Last modified on January 3rd, 2019

Wounds

 

– After all injuries which fall short of destroying life there is a natural tendency on the part of the organism to repair the damage done-that is, if the person injured is in good health at the time. If he is not in good health the vital reaction may be so feeble that a small injury may be attended with serious and even fatal results. A crushed finger, which in the case of a healthy person would be well in a few weeks, may in a sickly person refuse to heal at all; gangrene and mortification may follow and spread, and finally death may ensue. But these cases are exceptional. Generally a wound will heal of itself, and all that it is necessary to do is to assist nature to do her work. This may be done in many ways, chiefly by giving support to the part and keeping the wound clean. For a simple and superficial wound the less that is done to it the better. If the serous fluid that exudes from it is allowed to form a crust or scab, healing will take place beneath, and the scab will fail off when the process is complete.
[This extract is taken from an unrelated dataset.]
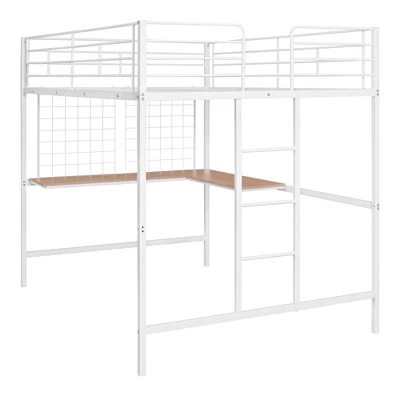 Full Size Metal Loft Bed With Desk And Grid - ModernLuxe 8 Full Size Metal Loft Bed With Desk And Grid - ModernLuxe - Image 6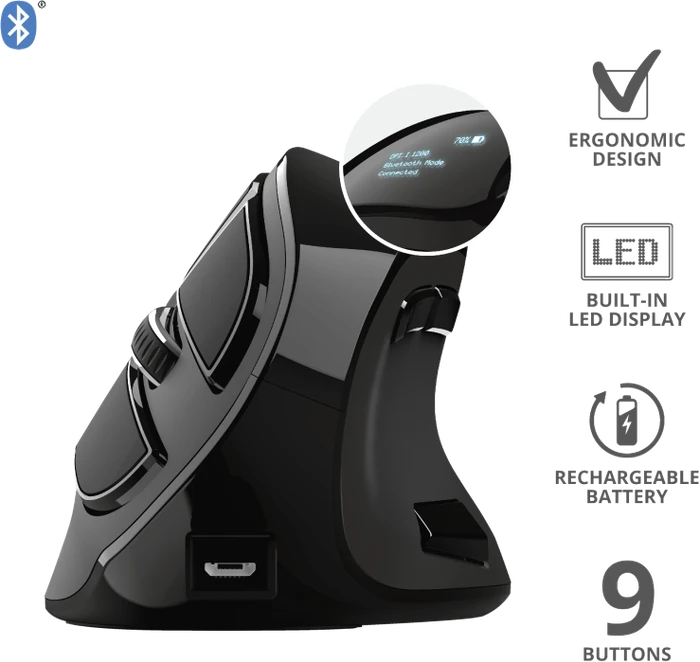 Trust Voxx Rechargeable Ergonomic Wireless Mouse, USB/Bluetooth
If the superficial wound is over some sharp, bony prominence, as the shin, more care will be needed.

If the scab does not form well, the part should be painted with Collodion (a solution of gun-cotton in chloroform or ether), a gummy kind of liquid which soon sets and forms a good skin over the part. Instead of Collodion the skin of an egg may be used. It should be cut into strips, and laid on the wound with the side next the shell on the wound. Wounds that require treatment are of three principal kinds- (1)incised wounds or cuts; (2) punctured wounds or stabs, as when a nail or knife is run into a part; (3) lacerated wounds, as when the parts are torn and bruised.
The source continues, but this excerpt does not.